Crispy Zucchini Fritters Recipe
Ingredients
Method
- Wash the zucchini and trim the ends.
- Grate the zucchini on the large holes of a box grater or using a food processor with a grating disc.
- Place the grated zucchini in a colander set over the sink and sprinkle with 1/2 teaspoon of the salt.
- Toss and let sit for about 10 minutes so the salt can draw out excess moisture.
- Transfer the salted zucchini to a clean kitchen towel or several layers of paper towels.
- Wrap it up and twist the towel over the sink, squeezing firmly until very little liquid drips out.

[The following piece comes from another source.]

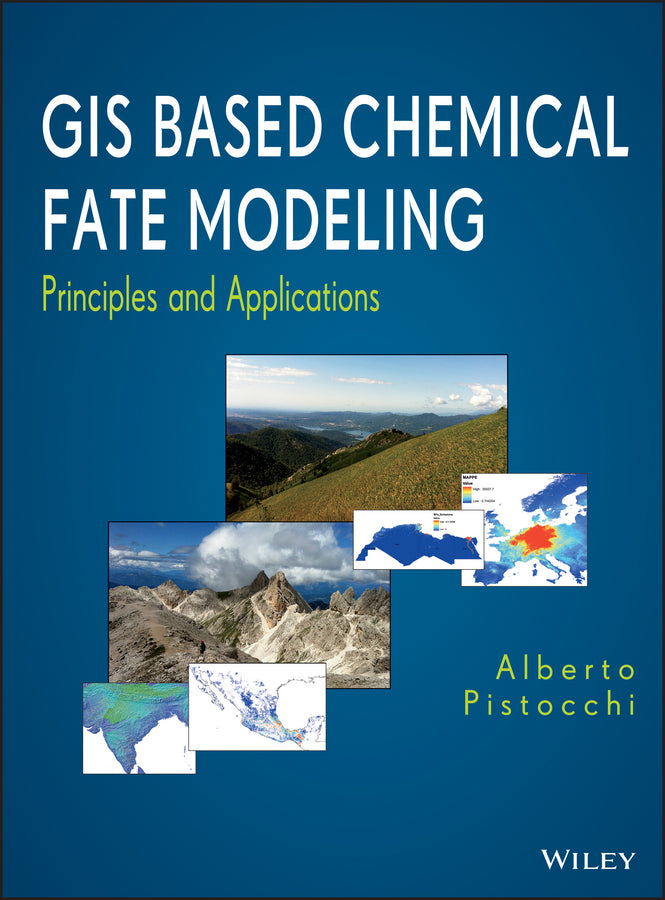 GIS Based Chemical Fate Modeling; Principles and Applications (Hardback) 9781118059975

- Fluff the squeezed zucchini with your fingers and place it in a large mixing bowl.
- Add the grated onion and garlic to the bowl with the zucchini and stir to combine.
- Add the eggs and mix until the vegetables are evenly coated.

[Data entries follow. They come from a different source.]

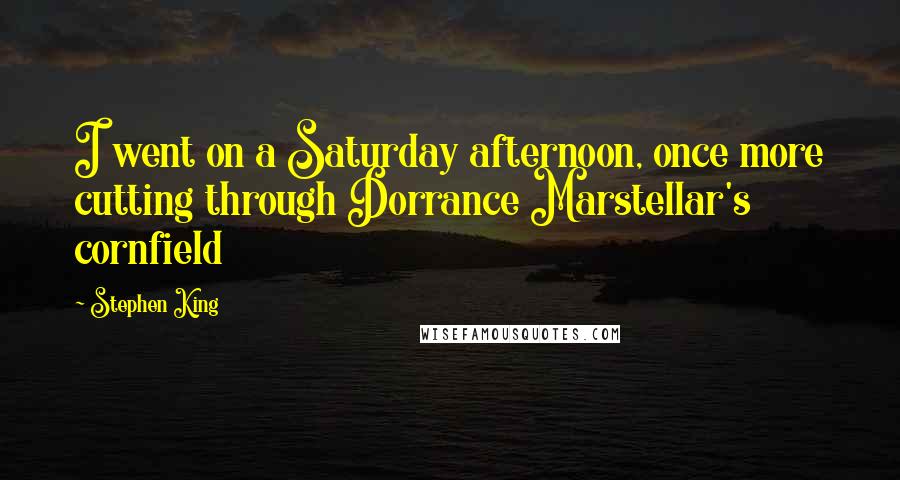Stephen King Quotes: I went on a Saturday afternoon, once more cutting through Dorrance Marstellar's cornfield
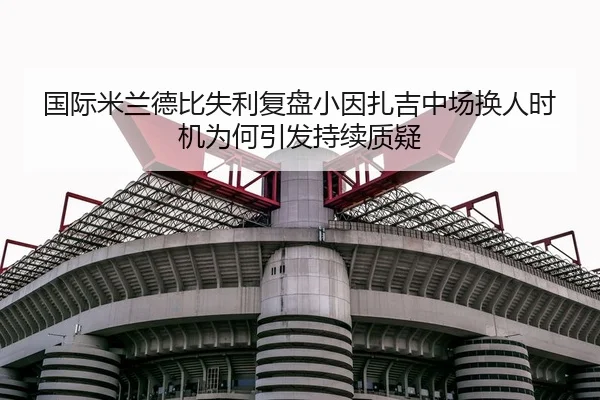国际米兰德比失利复盘小因扎吉中场换人时机为何引发持续质疑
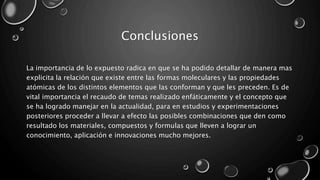 Conclusiones
La importancia de lo expuesto radica en que se ha podido detallar de manera mas
explicita la relación que existe entre las formas moleculares y las propiedades
atómicas de los distintos elementos que las conforman y que les preceden. Es de
vital importancia el recaudo de temas realizado enfáticamente y el concepto que
se ha logrado manejar en la actualidad, para en estudios y experimentaciones
posteriores proceder a llevar a efecto las posibles combinaciones que den como
resultado los materiales, compuestos y formulas que lleven a lograr un
conocimiento, aplicación e innovaciones mucho mejores.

- Stir in the flour, cornstarch, baking powder, remaining 1/2 teaspoon salt, black pepper, dried oregano or Italian seasoning, and paprika.
- Fold in the Parmesan, shredded cheese, and chopped herbs until the mixture is thick and cohesive.
- Check the texture; the batter should hold a loose ball. If it seems runny, add 1 to 2 tablespoons more flour until it thickens.
- Set a large nonstick or cast iron skillet over medium heat and pour in enough neutral oil to generously coat the bottom.
- Heat until the oil shimmers and a small drop of batter sizzles on contact. Reduce the heat slightly if the oil smokes or the tester browns too quickly.
- Scoop about 2 tablespoons of batter per fritter and gently drop each portion into the hot oil.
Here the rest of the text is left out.